In this exercise, return only the lines that run from the line with "Lego city tren" to the end of the entries below, both included. Pictures are not copied.
DATA SHOWN Block Start
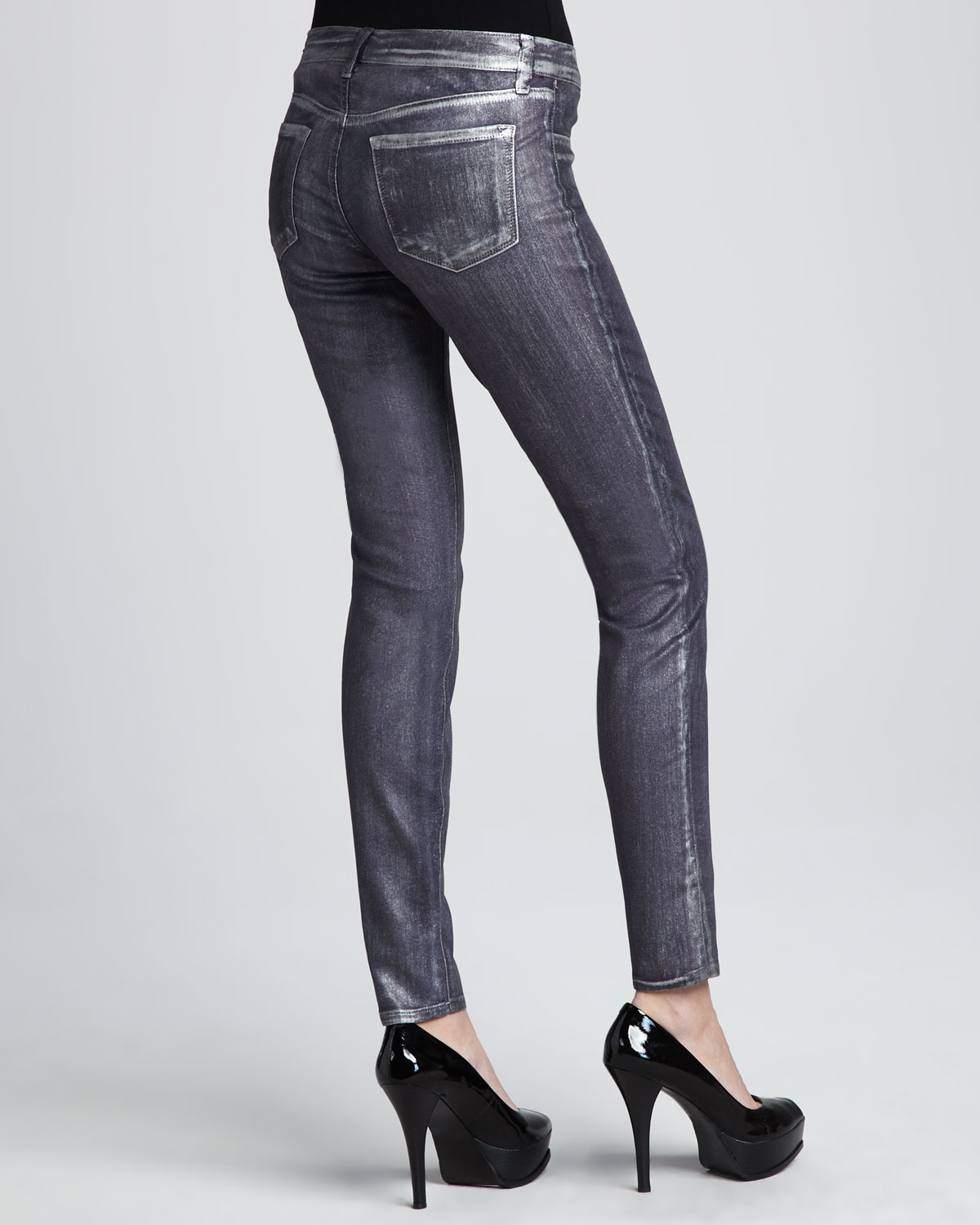 Lyst J Brand Metallic Jeggings Jeans in Blue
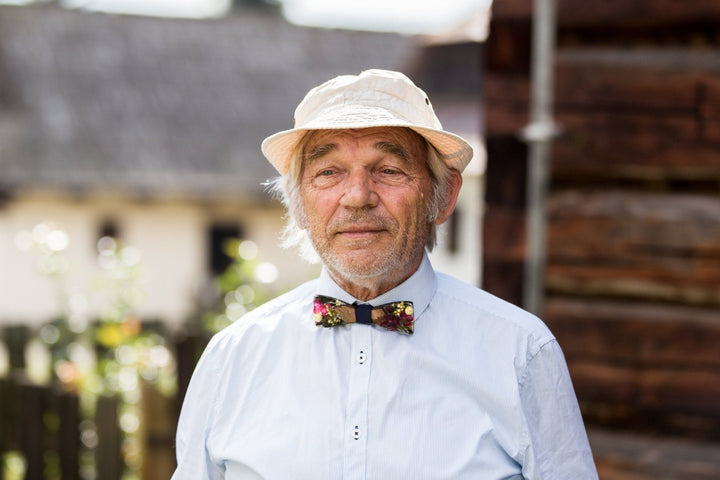 Wedding Wooden Bow Tie: Floral Resin Inlay, Handmade – handmade floral hair accessory by magaela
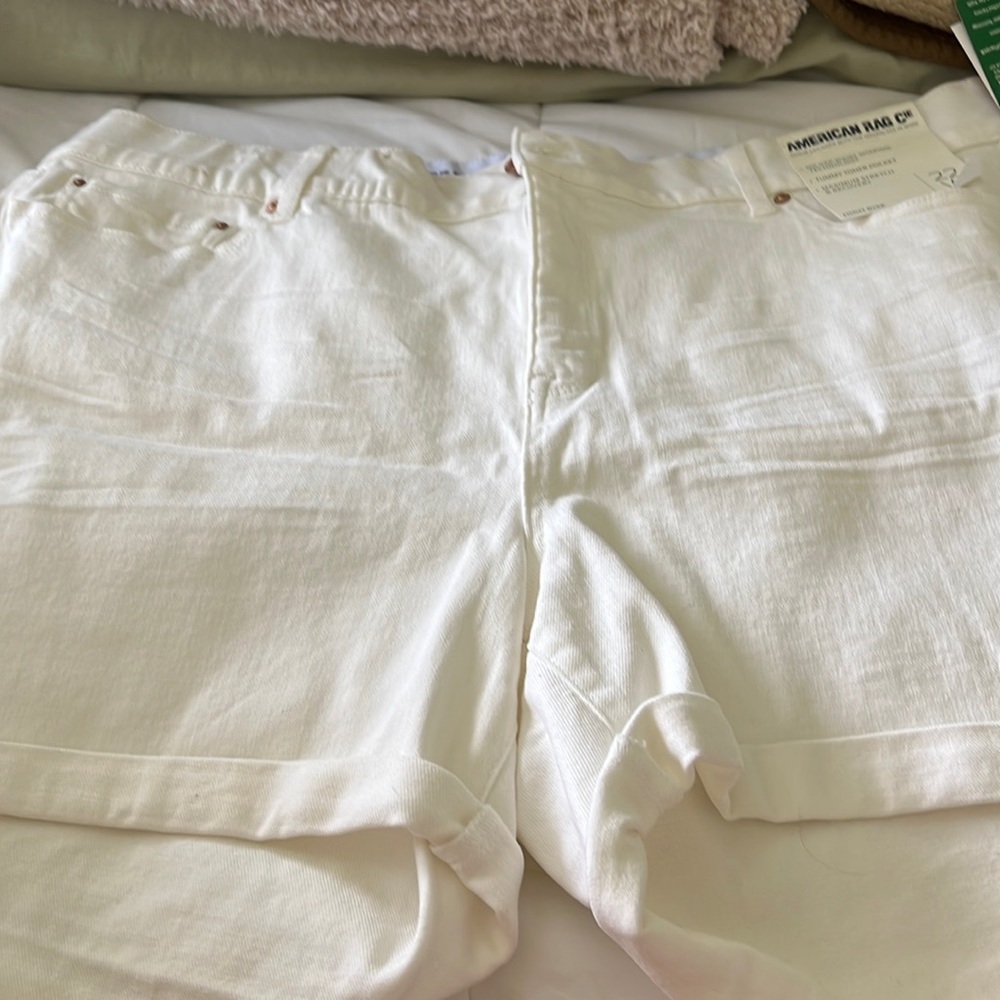 American Rag high rise denim shorts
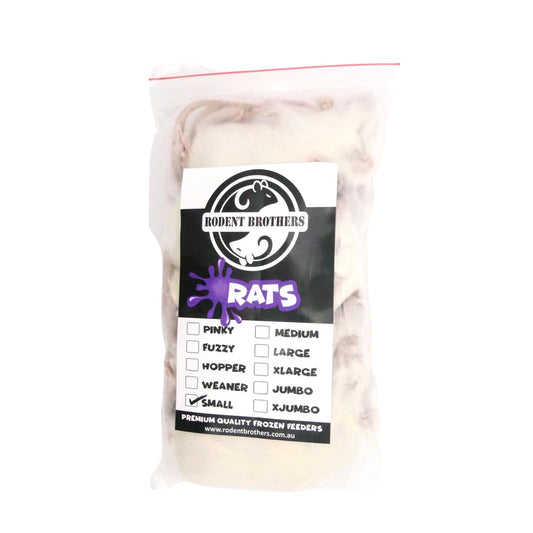 RB Frozen Rats SMALL - 5 Pack (70-99 grams)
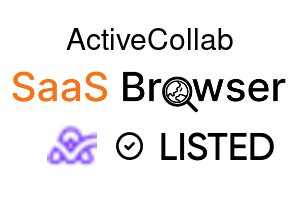 ActiveCollab - SaaS Browser Verified Badge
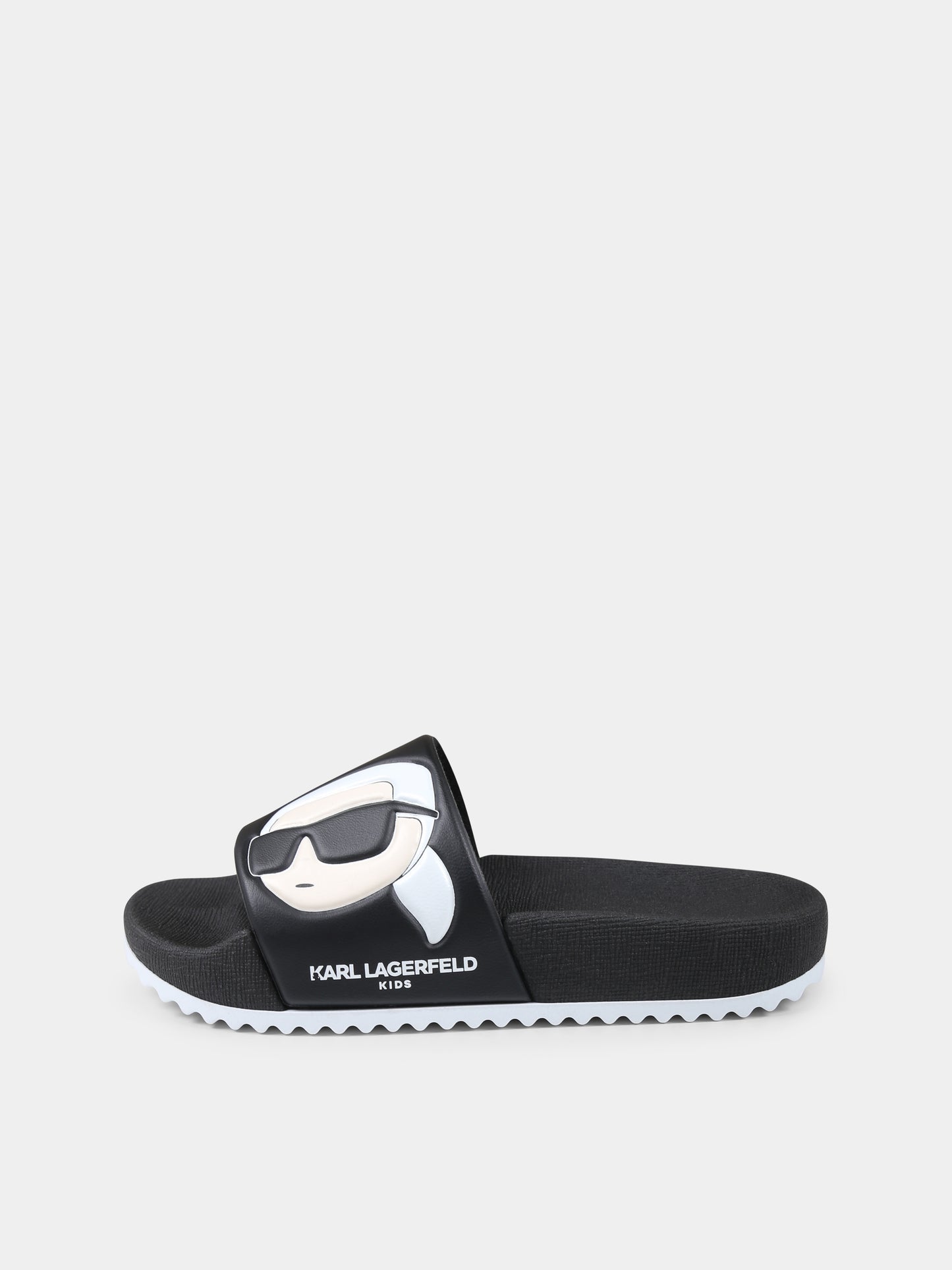 Ciabatte nere per bambini con Karl Lagerfeld,Karl Lagerfeld Kids,Z30379 09B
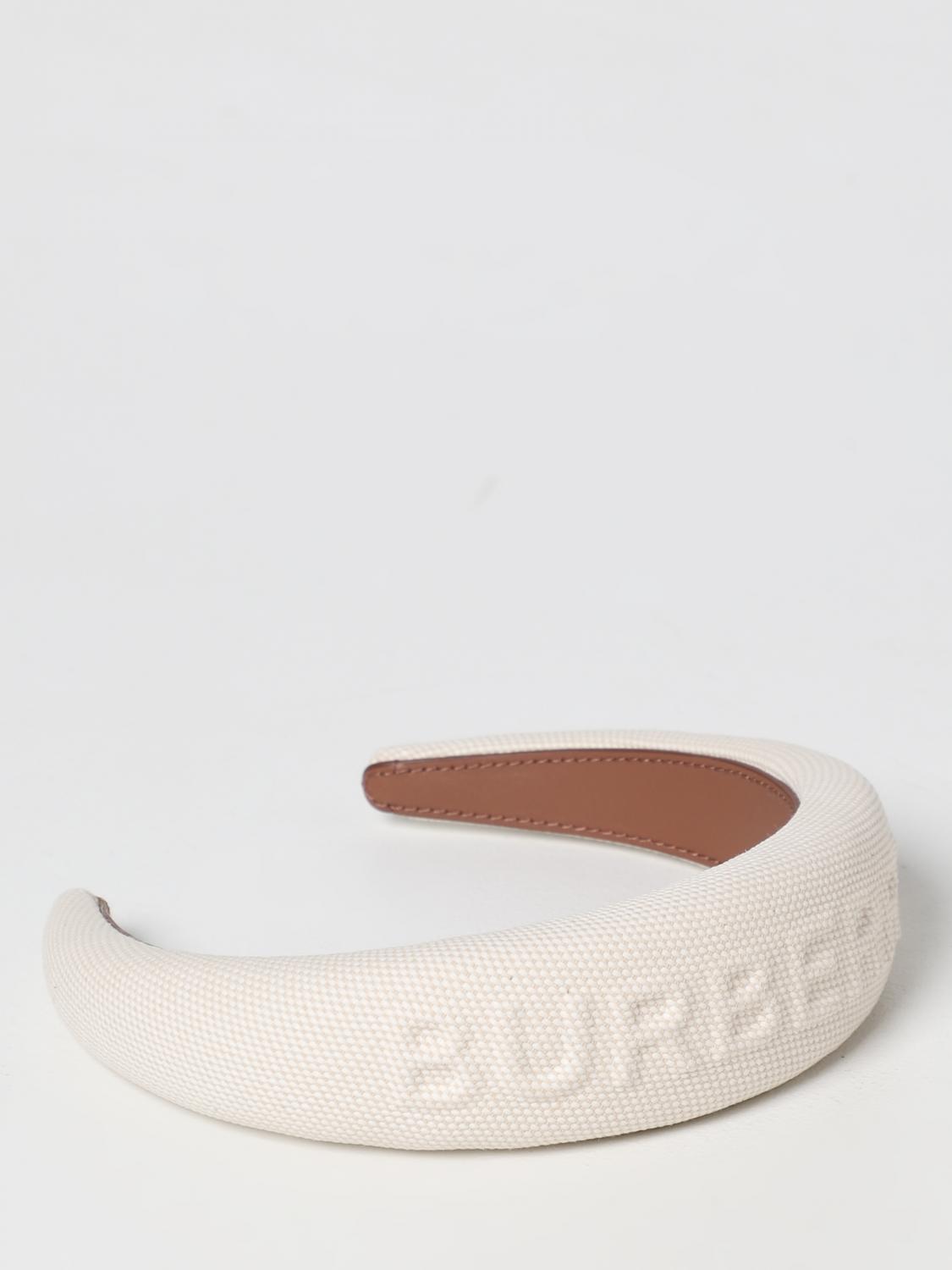 Burberry headband in canvas with embossed logo - White | 8070792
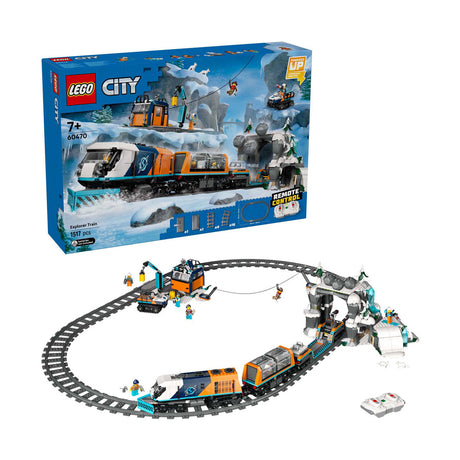 Lego city tren de investigación en el polo norte vehículo de juguete - 60470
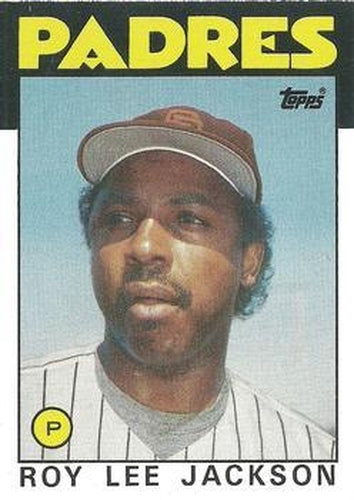 #634 Roy Lee Jackson - San Diego Padres - 1986 Topps Baseball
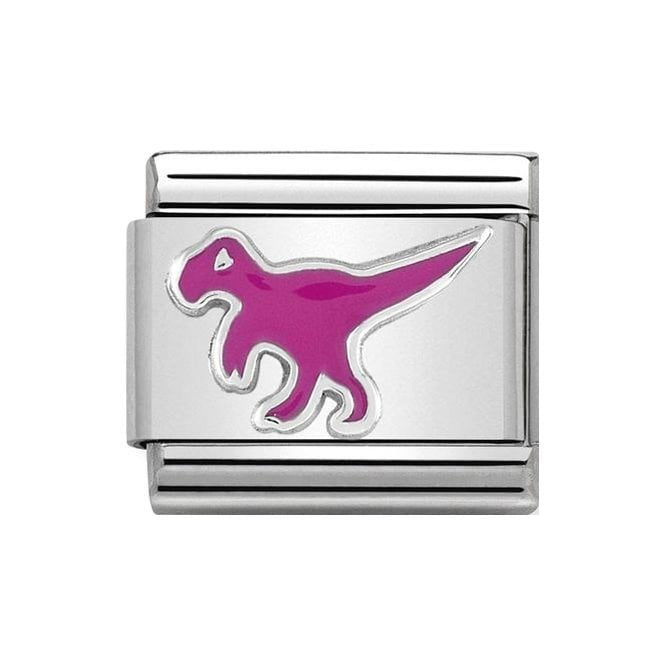 NOM PINK DINOSAUR SILV SHINE - SYMBOLS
DATA SHOWN Block End
## RESPONSE BOX:
 Lego city tren de investigación en el polo norte vehículo de juguete - 60470
 #634 Roy Lee Jackson - San Diego Padres - 1986 Topps Baseball
 NOM PINK DINOSAUR SILV SHINE - SYMBOLS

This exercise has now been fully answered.